Jegor zerknął na karafkę, bo od tej rozmowy zaschło mu w gardle. Ale wody sobie nie nalał, bał się wyjść na słabeusza.
– Z kobietami też nietrudna sprawa. Jeśli widzisz, że dba o siebie: fryzura, manikiur, kolczyki itede, to możesz uważać, że sprawa załatwiona. Zagroź, że jej wyrwiesz nozdrza albo odetniesz górną wargę. Pokaż zdjęcia, żeby zobaczyła, jak wyglądają kobiety, którym to zrobiono.
– Ale przecież to świństwo! – wyrwało się Dorinowi. – Podłość! A jednak nie wytrzymał, zbłaźnił się przed szefem.
– Przecież już ci mówiłem: dobre jest to, co służy sprawie. A podłe – to wszystko, co jej szkodzi. A o jakiej sprawie mowa, sam dobrze wiesz. W naszej pracy to jest jedyne źródło ocen moralnych. W dodatku, powtarzam – ton starszego majora złagodniał – przy prawidłowej diagnozie psychologicznej nie trzeba uciekać się do takich metod. Jeśli facet się nie przestraszył „oczu-jaj”, a baba obciętego nosa, nie ma co tracić czasu i sił na tortury. Znaczy, że to potencjalni samobójcy albo, co gorsza, masochiści – ludzie, którzy od bólu i ran tylko stają się silniejsi duchem. O świętych męczennikach was teraz w szkole nie uczą; szkoda, bo od razu byś zrozumiał, o co mi chodzi.
– I co wtedy trzeba robić?
– Jeśli jest dostęp do krewnych albo bliskiej osoby, można spróbować nacisku psychologicznego. Ale z naszym klientem Wasserem ten wariant jest mało prawdopodobny. To z pewnością Niemiec i wszyscy jego bliscy mieszkają w Vaterlandzie. Nie szkodzi, coś się wymyśli. Trzeba go tylko złapać.
Październicyn nadal nie mógł się uspokoić – czy to rozjątrzył go temat, czy też wyraz twarzy Dorina.
– Po okropnościach wojny imperialistycznej, a jeszcze bardziej – domowej, nie ma miejsca na żadne skrupuły – powiedział z przekonaniem. – Jakimi bestiami byli biali, co wyrabiali nasi, tego ci nie pokażą na filmie Czapajew. Żyjemy w okrutnych czasach – I jeśli chcemy przeżyć i zwyciężyć, też powinniśmy być okrutni… No dobra, dosyć o tym. Kontynuujemy pracę.
Taki wykład starszy major zrobił Jegorowi od razu pierwszego dnia. No więc po tym wszystkim powstaje pytanie: Jaki właściwie jest – dobry czy zły?

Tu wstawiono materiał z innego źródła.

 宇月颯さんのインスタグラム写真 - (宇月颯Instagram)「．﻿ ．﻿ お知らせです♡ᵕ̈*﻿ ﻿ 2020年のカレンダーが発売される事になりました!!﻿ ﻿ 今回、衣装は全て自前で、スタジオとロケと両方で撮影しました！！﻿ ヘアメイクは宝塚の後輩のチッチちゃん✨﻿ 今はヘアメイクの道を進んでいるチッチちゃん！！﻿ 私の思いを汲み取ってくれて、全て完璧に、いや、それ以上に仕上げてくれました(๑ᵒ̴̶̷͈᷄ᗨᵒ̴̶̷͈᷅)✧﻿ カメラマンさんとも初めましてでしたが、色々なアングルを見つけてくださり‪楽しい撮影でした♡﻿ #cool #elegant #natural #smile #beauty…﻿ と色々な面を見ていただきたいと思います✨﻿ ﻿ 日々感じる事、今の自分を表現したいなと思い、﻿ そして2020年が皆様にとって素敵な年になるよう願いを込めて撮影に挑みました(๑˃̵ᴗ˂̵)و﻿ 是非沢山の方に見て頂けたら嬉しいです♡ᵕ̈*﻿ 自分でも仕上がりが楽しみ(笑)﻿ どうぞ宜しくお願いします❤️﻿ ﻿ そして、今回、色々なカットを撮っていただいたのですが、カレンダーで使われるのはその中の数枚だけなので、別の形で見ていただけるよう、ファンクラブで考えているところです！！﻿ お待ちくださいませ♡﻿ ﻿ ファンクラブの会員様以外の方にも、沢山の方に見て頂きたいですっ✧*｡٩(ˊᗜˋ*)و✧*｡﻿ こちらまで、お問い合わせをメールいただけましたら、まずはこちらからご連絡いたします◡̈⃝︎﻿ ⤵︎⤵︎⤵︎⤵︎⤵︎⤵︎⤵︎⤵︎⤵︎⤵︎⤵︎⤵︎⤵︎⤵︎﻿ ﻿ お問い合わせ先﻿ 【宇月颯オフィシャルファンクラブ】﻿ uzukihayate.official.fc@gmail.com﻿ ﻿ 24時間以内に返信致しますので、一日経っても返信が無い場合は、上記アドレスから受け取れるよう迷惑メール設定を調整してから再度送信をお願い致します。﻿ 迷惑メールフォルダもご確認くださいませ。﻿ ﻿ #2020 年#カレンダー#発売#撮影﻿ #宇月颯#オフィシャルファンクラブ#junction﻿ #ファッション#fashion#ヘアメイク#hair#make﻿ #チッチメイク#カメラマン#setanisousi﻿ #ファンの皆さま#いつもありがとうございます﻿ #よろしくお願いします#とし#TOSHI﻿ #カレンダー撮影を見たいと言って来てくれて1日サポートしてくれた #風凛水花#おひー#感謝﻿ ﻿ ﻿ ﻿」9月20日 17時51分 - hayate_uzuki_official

Myślał o tym Dorin, myślał i doszedł do następującego wniosku. Szef jest dobry dla swoich towarzyszy, dla wrogów to bestia. I tak być powinno. Dobroć nie jest powszechnie uznawaną wartością. Jak wszystko na tym świecie, ma charakter klasowy, polityczny. Co złe dla wroga, to dobre dla nas. I na odwrót. Cóż może być prostszego?
A zresztą w owych dniach młodszy lejtnant nie miał zbyt dużo czasu, żeby go marnować na abstrakcyjne rozważania.
Pierwszym zatem miejscem pracy nowego członka grupy specjalnej „Plan” była zapuszczona komunałka przy Kuźnieckim Moście. Niemcy mieli łeb na karku, wybierając to mieszkanie. Trzypiętrowy budynek stał na przechodnim podwórzu, z okien widać było wszystkie prowadzące doń drogi. W razie potrzeby można było uciec i tylnym wyjściem, i po dachach, przez strych.
Agenci Abwehry dobrali mądrze także i sąsiadów: pokój, który przeznaczyli dla radioty, należał do człowieka pracującego na Kamczatce, a w dwóch pozostałych mieszkali głuchoniemy staruszek Demidycz i sprzedawczyni lodów Zinaida Kulkowa z synem Juszą, przerośniętym oligofrenikiem.
Jak wiadomo, co Rosjaninowi wyjdzie na zdrowie, od tego Niemiec umiera. A co dobre dla Niemca, powiedział Październicyn, to i nam pasuje. Blisko na Łubiankę? Znakomicie. Ubodzy sąsiedzi? Doskonale. We wszystkich otaczających podwórze domach starszy major rozmieścił kilka grup pracujących zmianowo – na wypadek, gdyby Wasser pofatygował się osobiście.